DATA TO EXAMINE:
-------
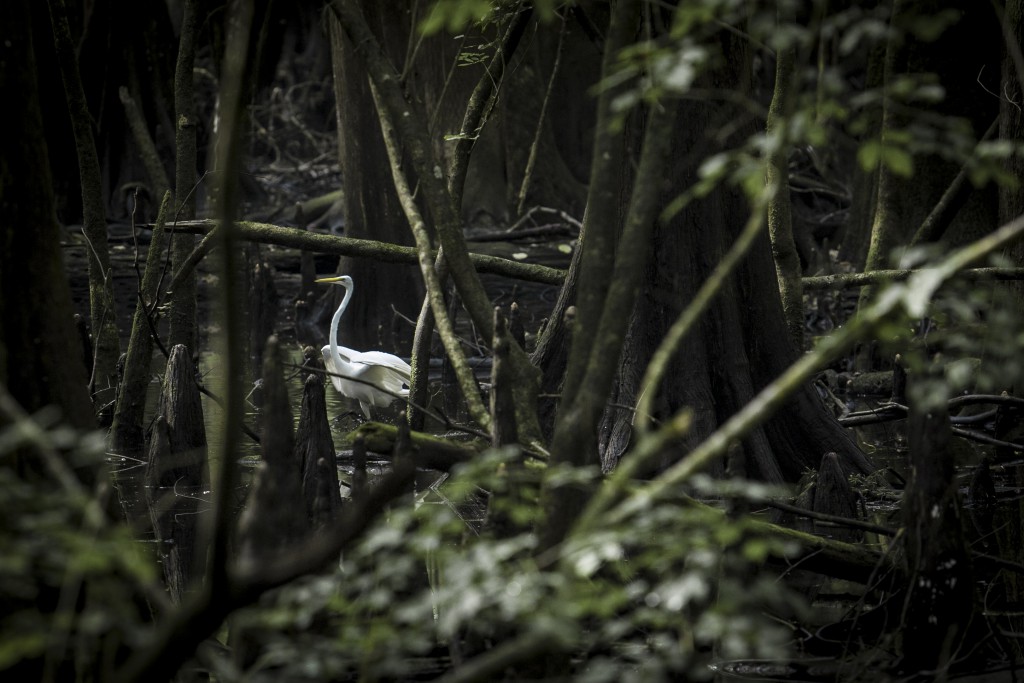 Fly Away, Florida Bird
-------
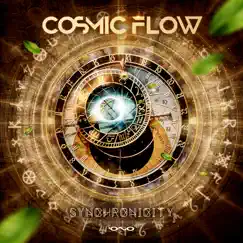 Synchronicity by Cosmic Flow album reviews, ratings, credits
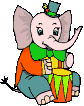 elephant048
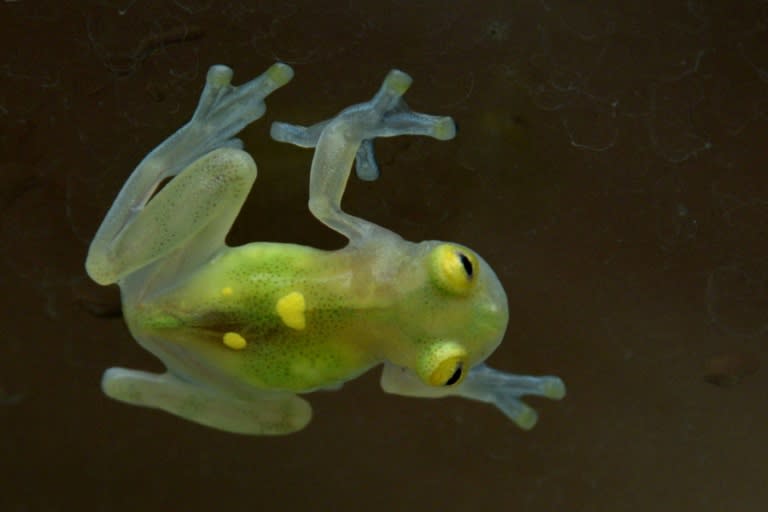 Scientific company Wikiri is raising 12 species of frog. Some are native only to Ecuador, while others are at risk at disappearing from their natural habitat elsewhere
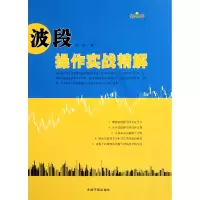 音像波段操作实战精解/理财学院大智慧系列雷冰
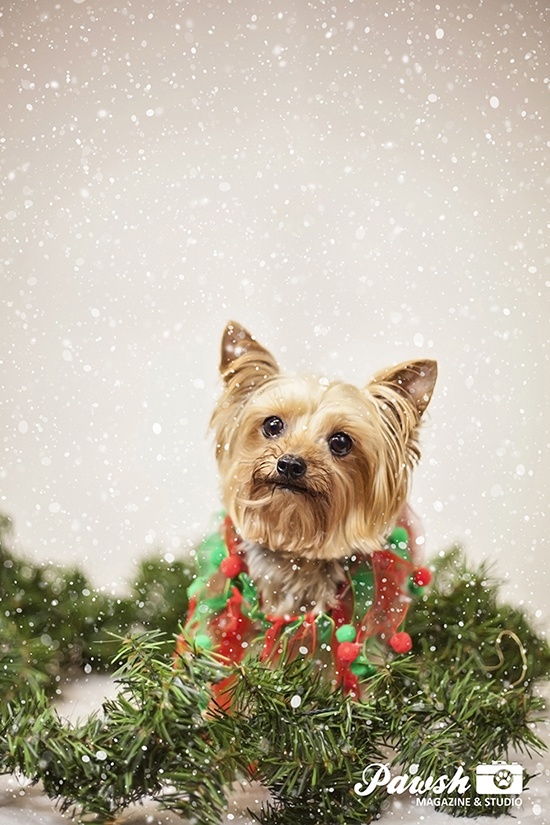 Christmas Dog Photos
-------
Write out word for word the lines above that run from the one with "Scientific company Wikiri" to the one with "Christmas Dog Photos". Include both end lines; exclude the images.

ANSWER TO THE EXERCISE:
 Scientific company Wikiri is raising 12 species of frog. Some are native only to Ecuador, while others are at risk at disappearing from their natural habitat elsewhere
 音像波段操作实战精解/理财学院大智慧系列雷冰
 Christmas Dog Photos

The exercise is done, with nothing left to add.